By Norah Christianson
Introduction to Poetry
By Billy Collins
I ask them to take a poem
and hold it up to the light
like a color slide
or press an ear against its hive.
I say drop a mouse into a poem
and watch him probe his way out,
or walk inside the poem’s room
and feel the walls for a light switch.
I want them to waterski
across the surface of a poem
waving at the author’s name on the shore.
But all they want to do
is tie the poem to a chair with rope
and torture a confession out of it.
They begin beating it with a hose
to find out what it really means.
Billy Collins was born in 1941 in New York City. He received his M.A. and Ph.D. in romantic poetry from the University of California. He has been called “The most popular poet in America” by the New York Times, and in 2001 was named Poet Laureate of the United States. In 2014 he traveled to Russia as a cultural emissary of the U.S. State Department. He has toured alongside the singer-songwriter Aimee Mann, presented TED talks, and given three readings of his poetry at the White House.

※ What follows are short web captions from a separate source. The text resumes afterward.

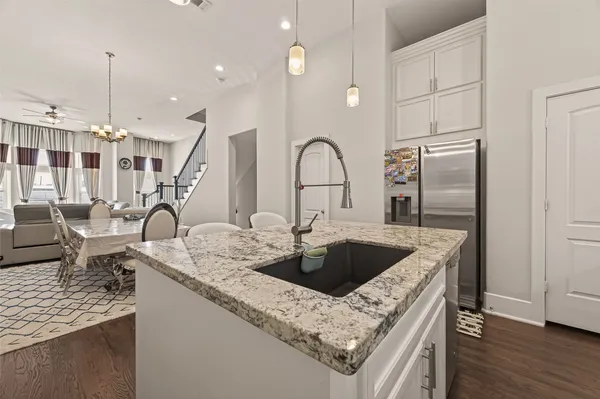 a kitchen with stainless steel appliances granite countertop a sink stove and cabinets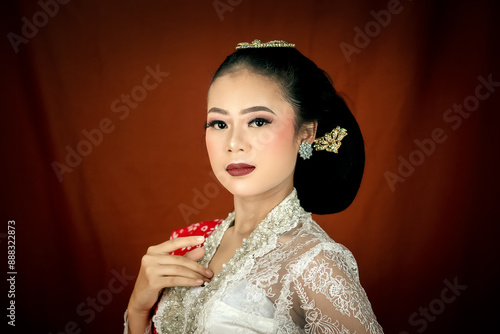 A young Indonesian woman with a happy expression wearing a white kebaya. Kartini's Day Concept. photo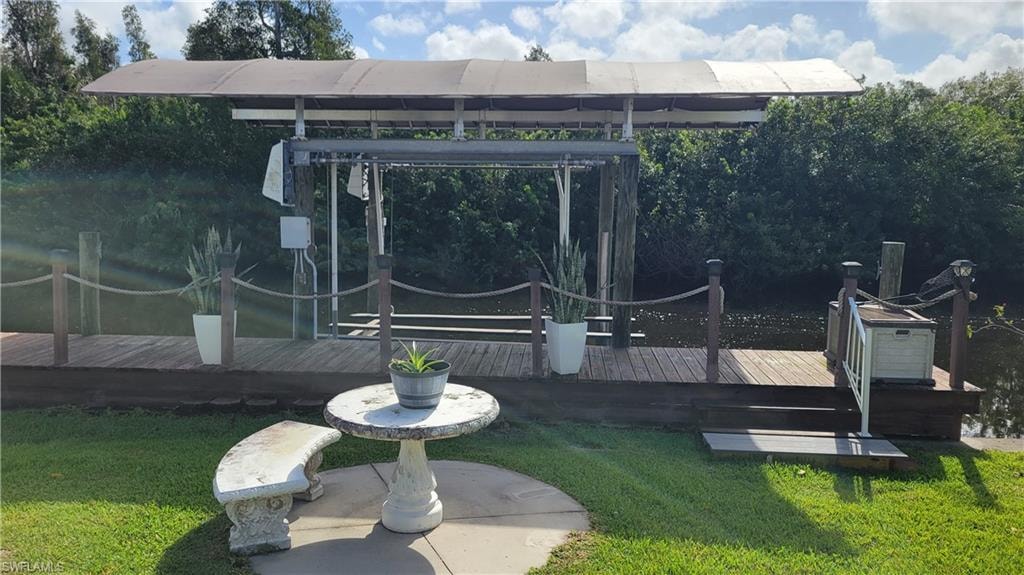 Dock with lift and cover at the rear of the home looking at canal.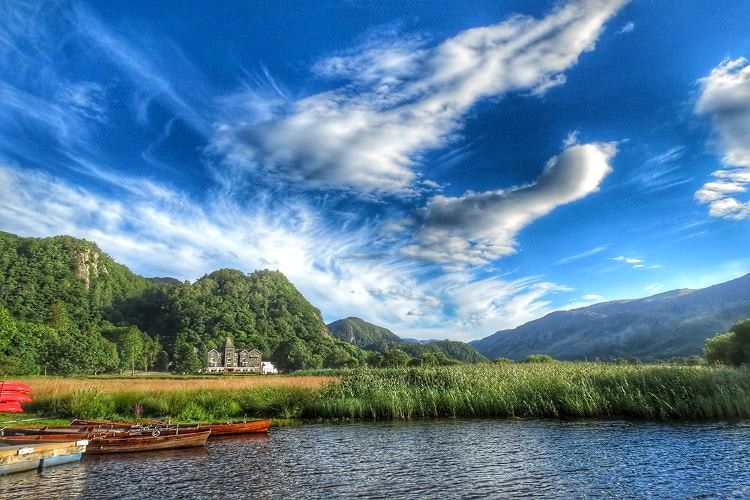 Wooden rowing boats drawn up among the reeds at the lake edge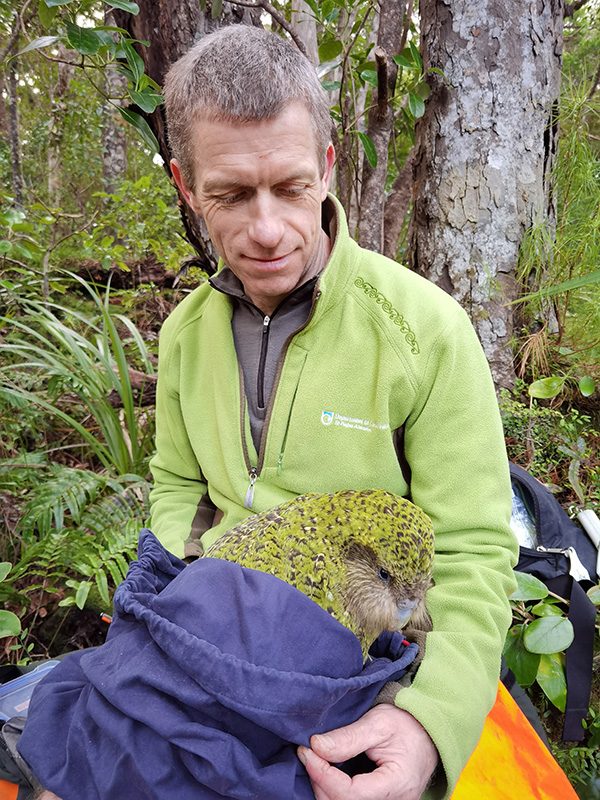 Conservation biologist Andrew Digby sits in a forest holding a kākāpō swaddled in blue cloth.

Some critics and poets see Collins as uninteresting and bland because he mostly writes about the mundane, and in ordinary unpoetic words. (I think they suspect him because he’s popular, and therefore too plebeian to be taken seriously. But keep in mind, critics and even poets can be jealous.) I believe, though, it is exactly his plain language, his wit, his quirky unseriousness, as well as his writing about everyday things, that makes him so beloved.
I once heard Collins read his poetry at the Sunken Garden Poetry Festival in Farmington, CT. It was a hot day and when I arrived I was dying of thirst and no water available. I wondered how I’d make it through the reading without dehydrating to death. But Collins was so absolutely charming, relatable, and so funny, his dry sense of humor did away with my thirst. (Now there’s an oxymoron.) Some people can read the train schedule and make you swoon. I think now how, even with poetry, presentation is everything. I spoke with Collins after his reading and told him how I enjoyed him, how his poems were so fine my thirst disappeared with his first poem. Later, while milling around in the crowd with my spiked punch, I overheard him happily telling the festival director what I’d said. It’s true, even The Great are pleased to be praised.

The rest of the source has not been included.